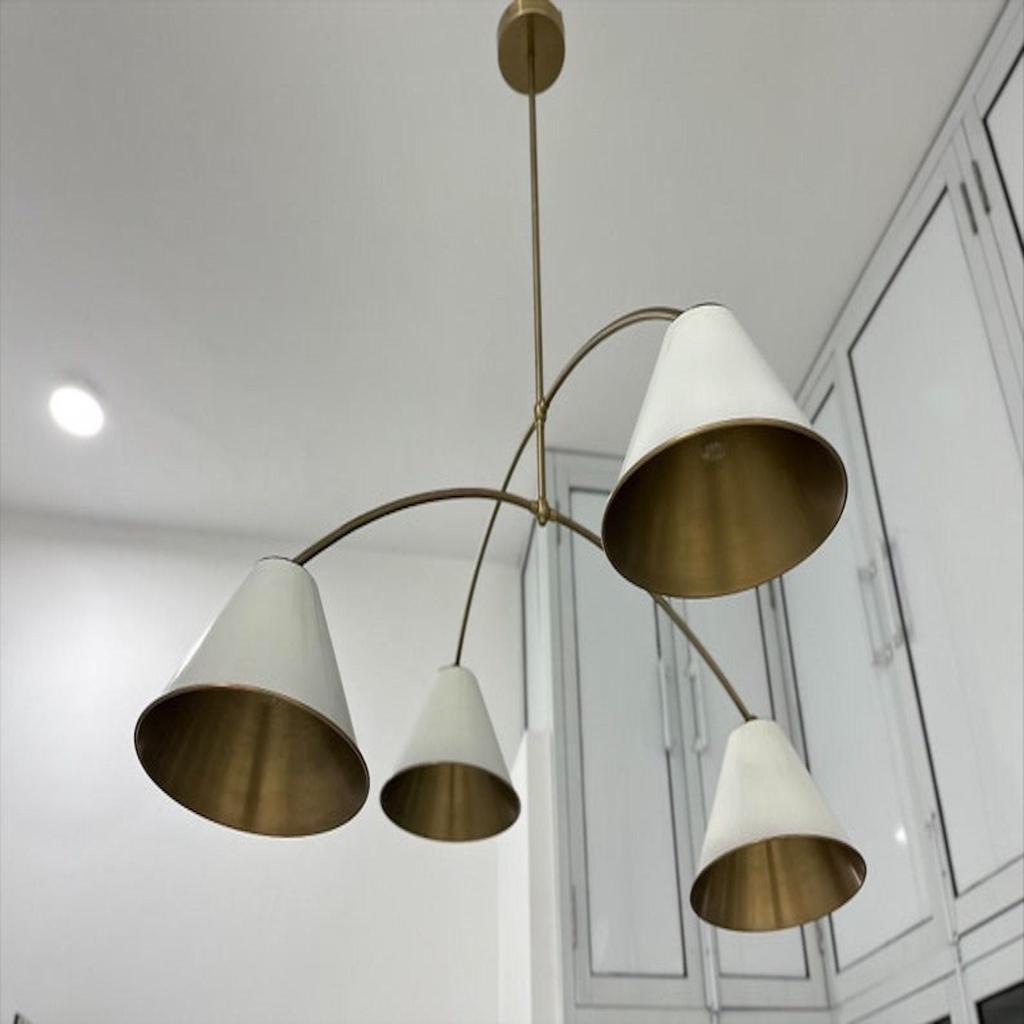 Candelabru Stilnova Sputnik cu 4 abajururi, din alamă brută de la mijlocul secolului, cu candelabre alb-gălbui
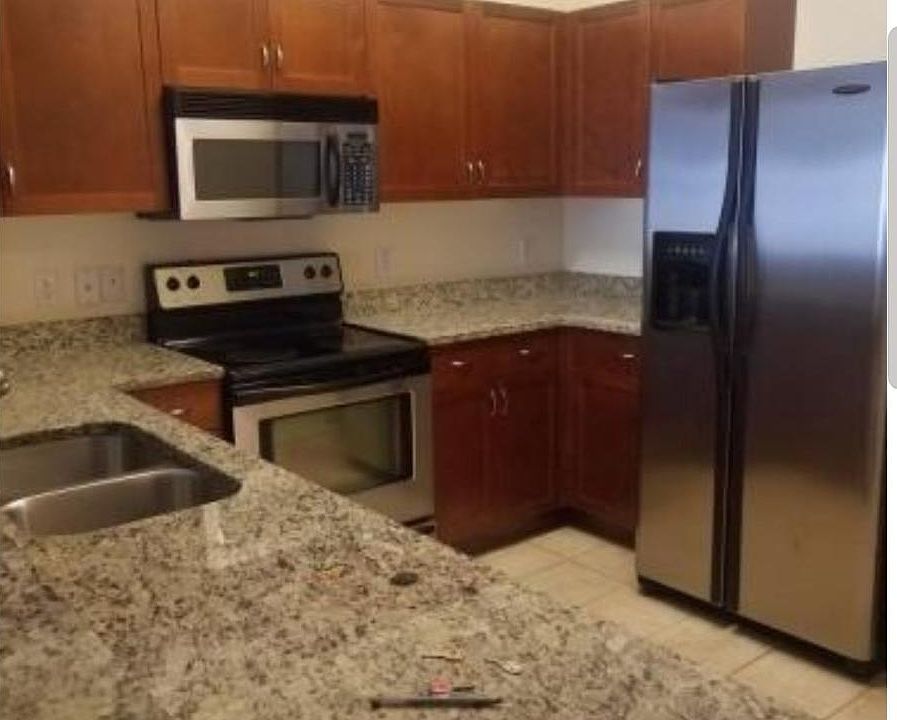2nd image of 870 Mayson Turner Rd NW Unit 1134
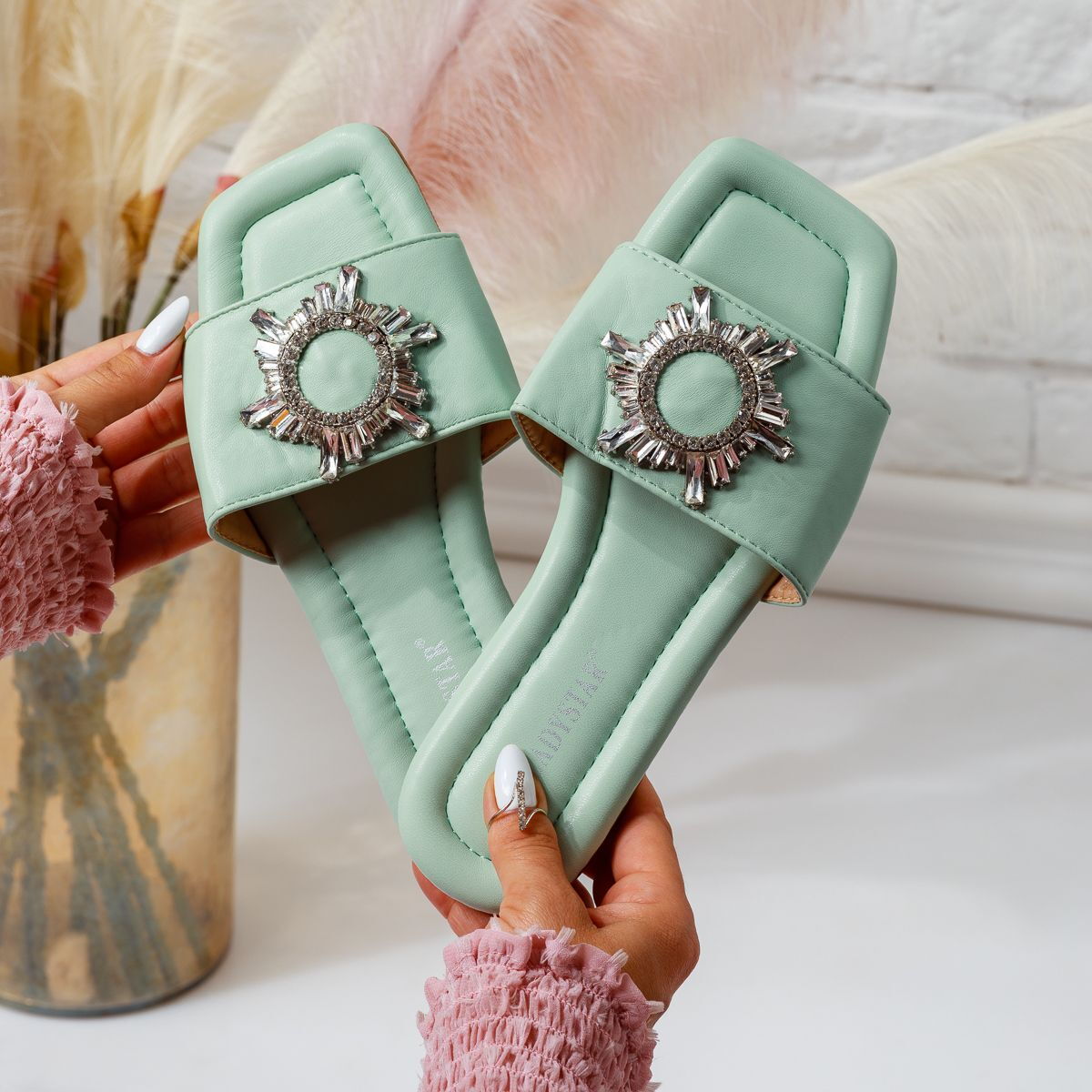 Дамски зелени чехли - Erica - Green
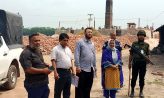 সেনবাগে ভ্রাম্যমান আদালতের অভিযান ৩ ইট ভাটার মালিকের নিকট থেকে ৬ লক্ষ টাকা জরিমানা আদায়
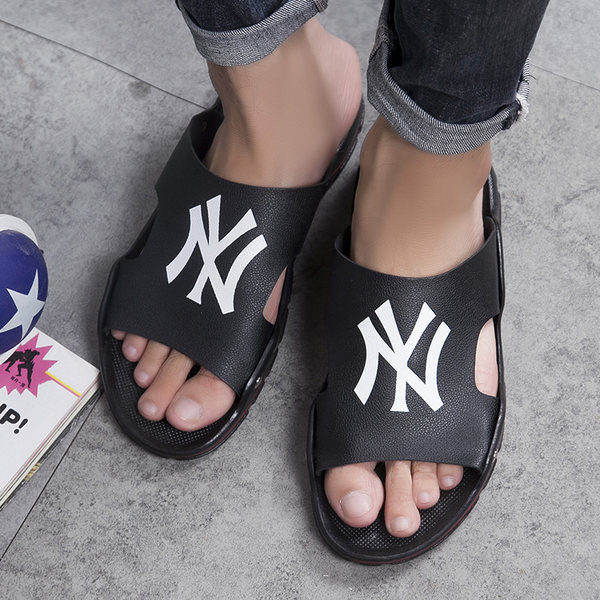 Férfi eko bőr papucs fém elemmel és rátéttel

+===+

WHAT TO WORK ON —
Set down exactly the lines of the entries above from the one holding "2nd image of" through the last one, including both, with the pictures left out.

THE COMPLETED TASK —
2nd image of 870 Mayson Turner Rd NW Unit 1134
 Дамски зелени чехли - Erica - Green
 সেনবাগে ভ্রাম্যমান আদালতের অভিযান ৩ ইট ভাটার মালিকের নিকট থেকে ৬ লক্ষ টাকা জরিমানা আদায়
 Férfi eko bőr papucs fém elemmel és rátéttel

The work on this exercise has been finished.